My first big-wing of the summer was when the kids didn’t want to play a game we’d planned on playing and I looked at my JCs and said, “give me two playground balls, two Frisbees, two hula-hoop, an, um, six cones.” (In my experience, everything at camp can be done with a combination of no more than the sum of those items. Well, that and pennies.) Again – the mere enthusiasm of me and the other counselors was enough to fuel the enjoyment of the campers. (That, and the fact that I managed to illiterate every sentence to the extent that it was even annoying me that I couldn’t stop…but it was one of those adventures that makes for a unique camp experience.)

But back to the point…

No matter how hard you train for something and plan, something else will always happen. A wrinkle, if you will. But when I was a kid, I didn’t take wrinkles in my blanket as an excuse to make my bed – quite the contrary. I took a made bed as an excuse to pick up my blanket and wrinkle it up. I used to wrinkles as roadways and hills for my toy cars and had a lot of fun.

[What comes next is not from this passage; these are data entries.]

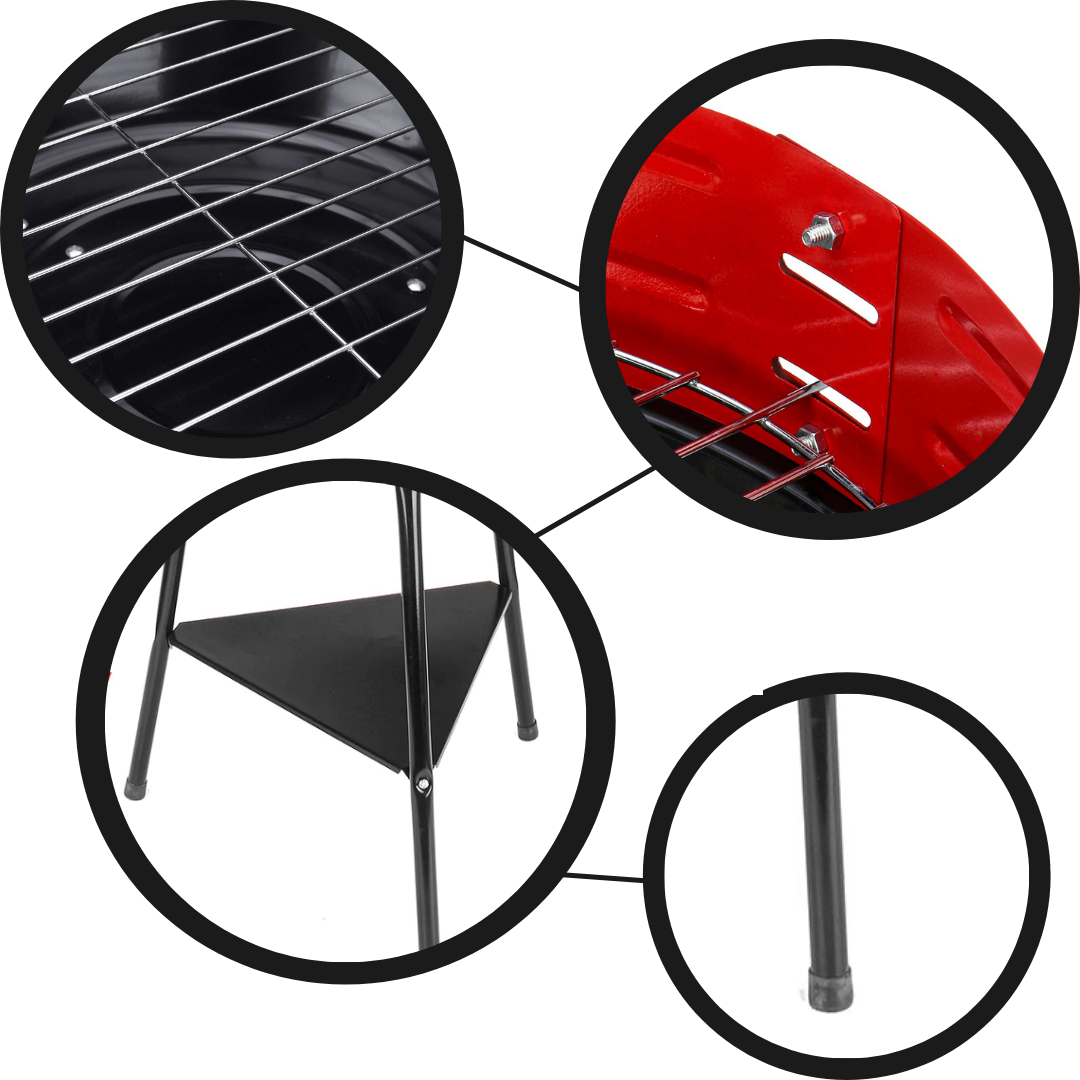 Raxiva - Portable round BBQ charcoal grill
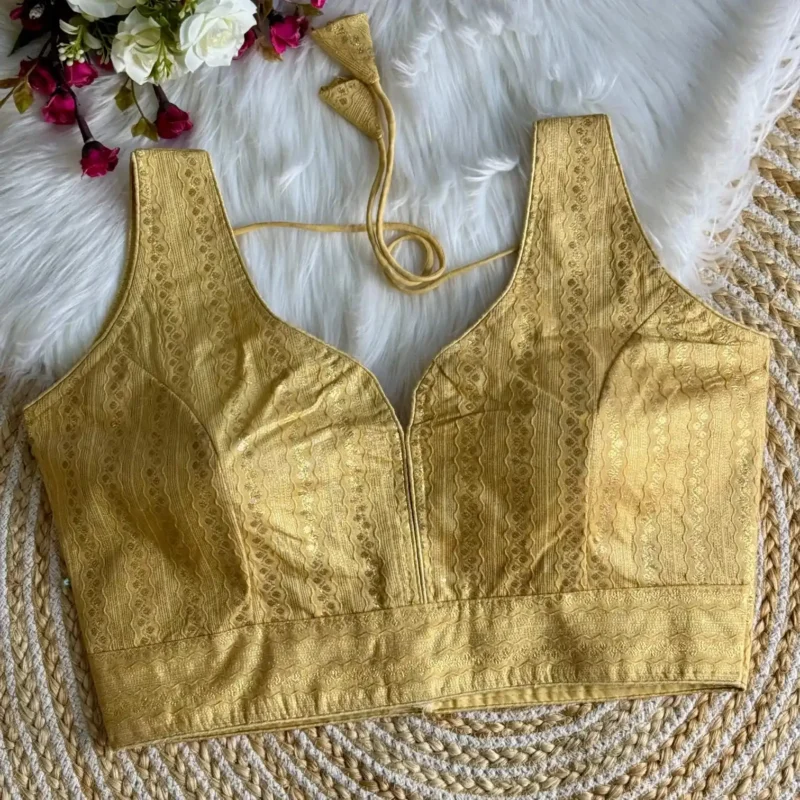 Heavy Dola Silk Crochet Jaquard Work Partywear Blouse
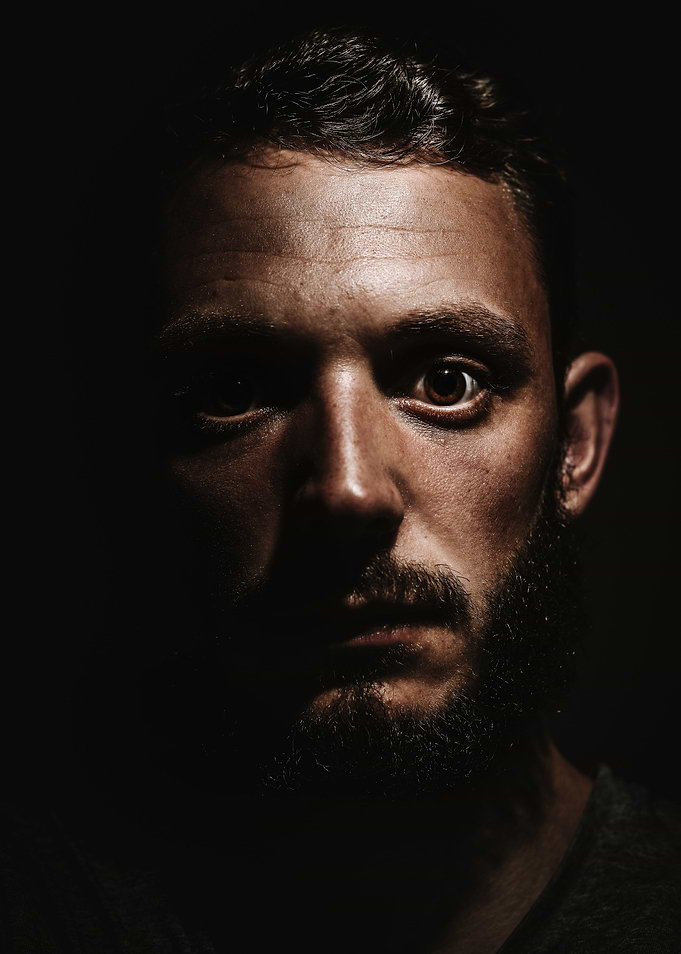 Intense look of a man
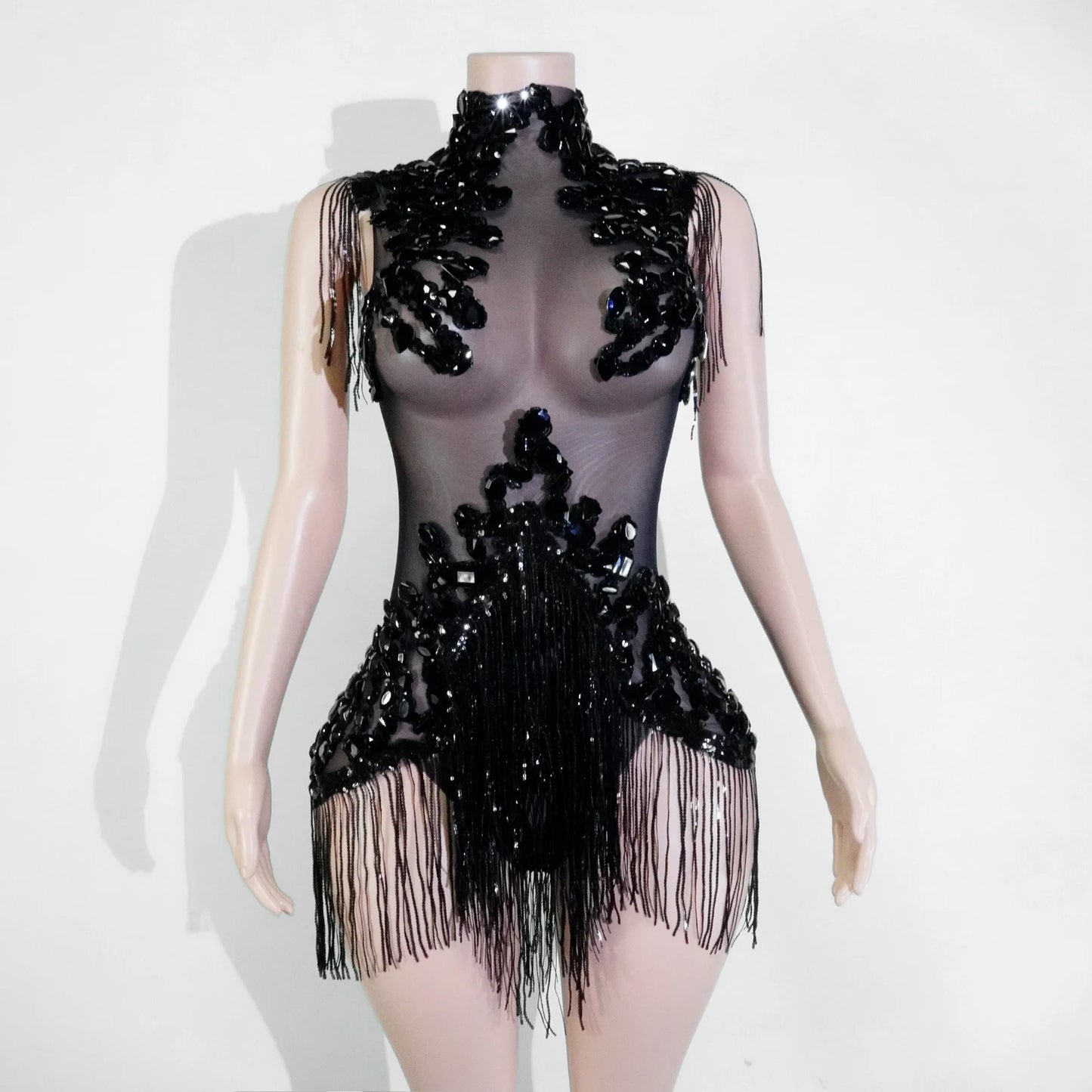 Sexy Mesh Sheer Black Rhinestone Tassel Bodysuit Women Singer Dancer Stage Show Outfit Nightclub Leotard Party Performance Wear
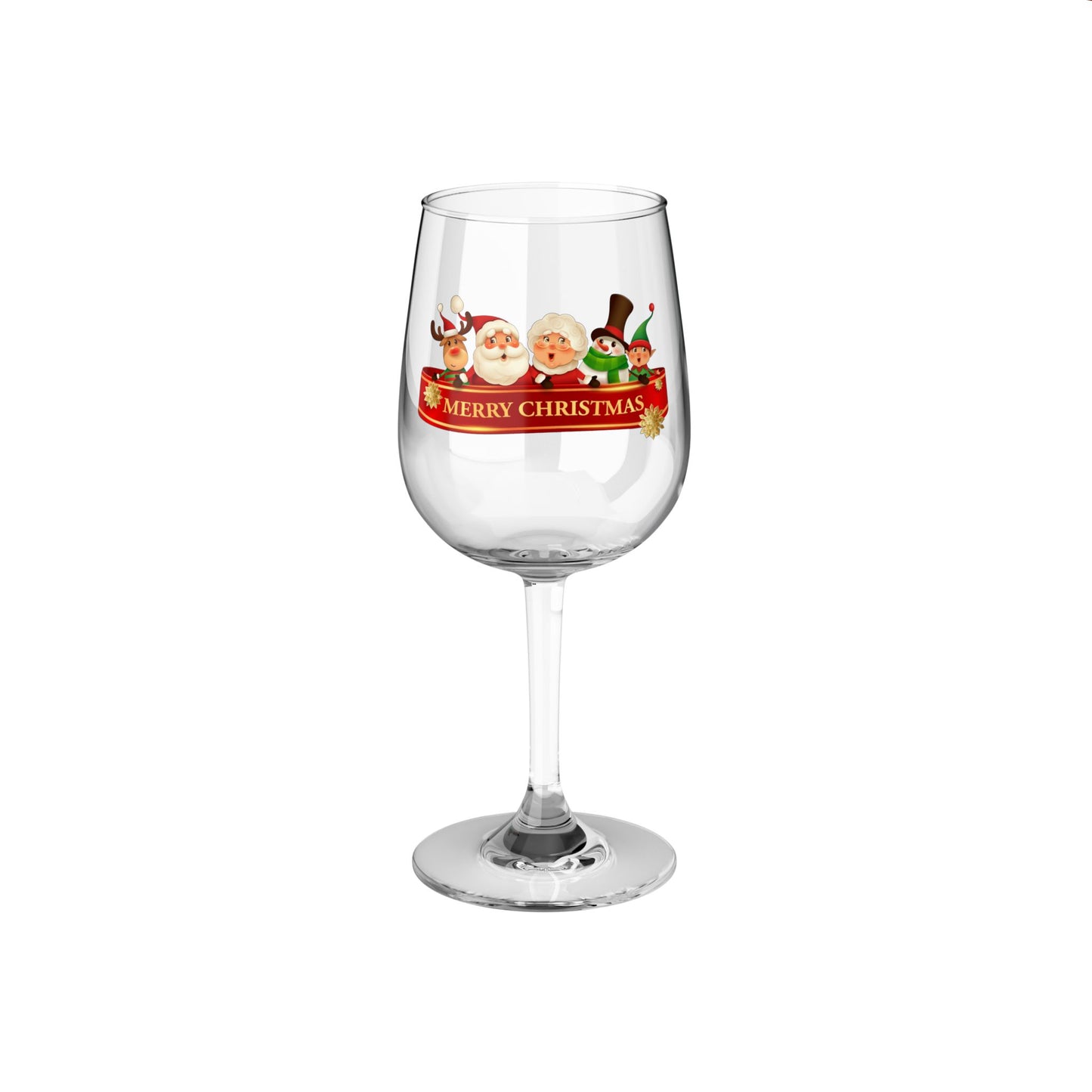 Merry Christmas Wine Glass, 12oz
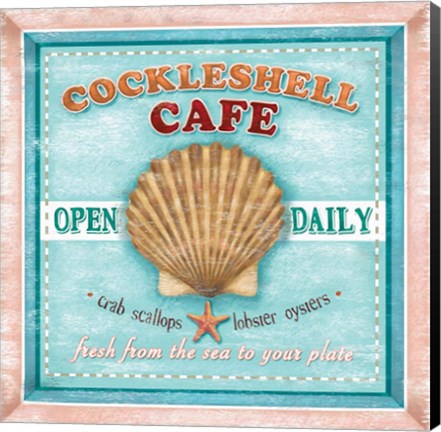 Framed Cockleshell Seaside Print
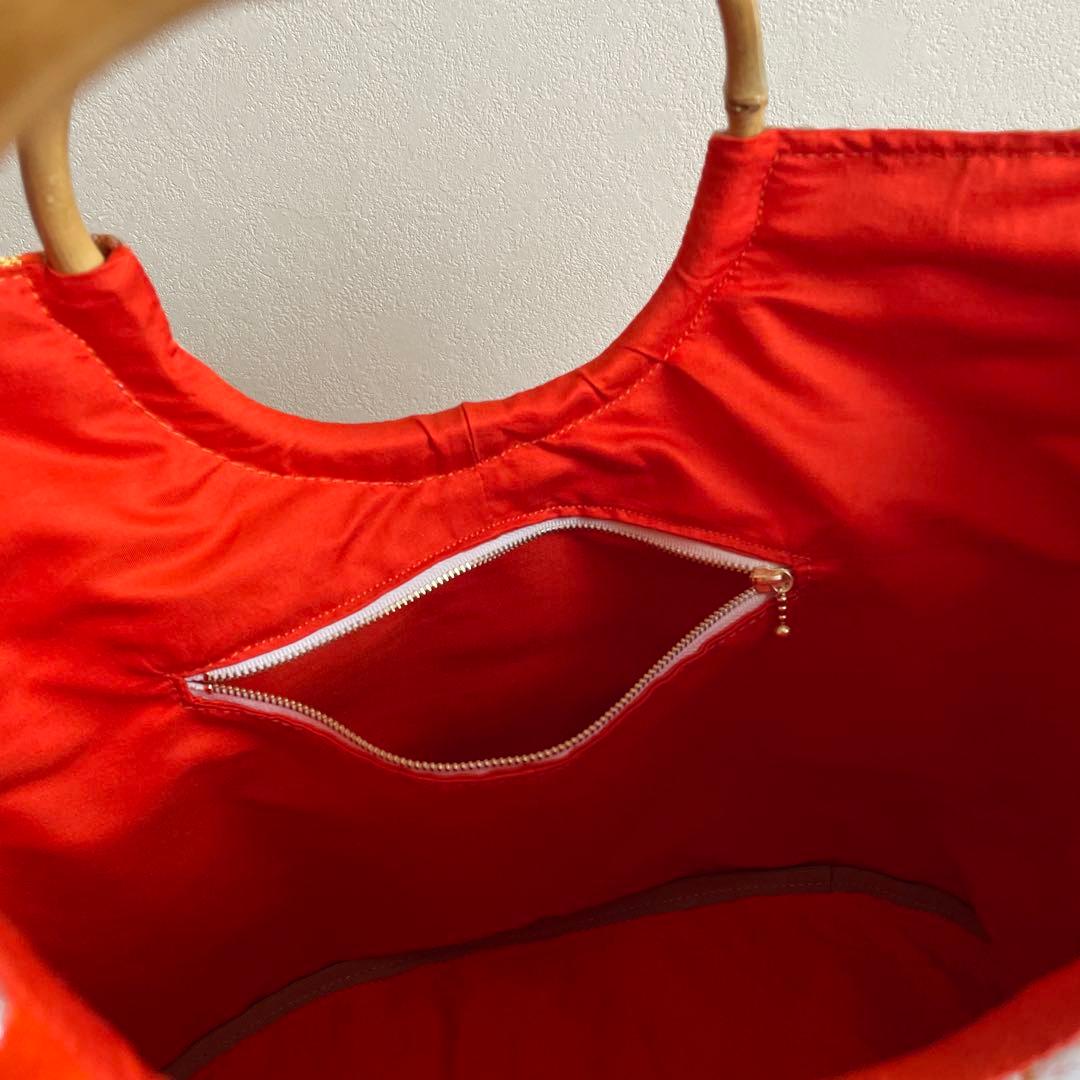 和風丸底トートバッグ A4サイズ対応 バンブーハンドルバッグ 華やか手さげ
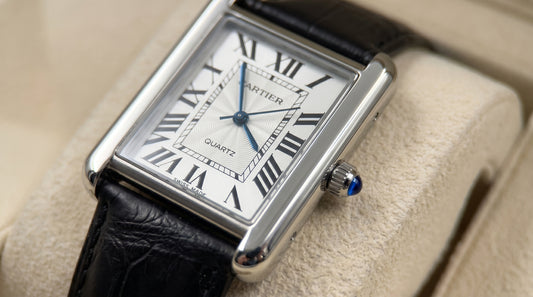 Cartear Tank – Black Leather Strap & White Dial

I guess I’ve always liked wrinkles. And I still do. I’ve been doing the same thing (at camp) for three years, and it’s nice when I have a day where I get to change it up, whether planned or not. Every day is a new challenge. And a day without one challenge, is, well, boring! I’m like a shark; if I stop moving forward, I die.

Wrinkles keep me alive. (Now if only the rest of society saw that, I could throw out my iron.)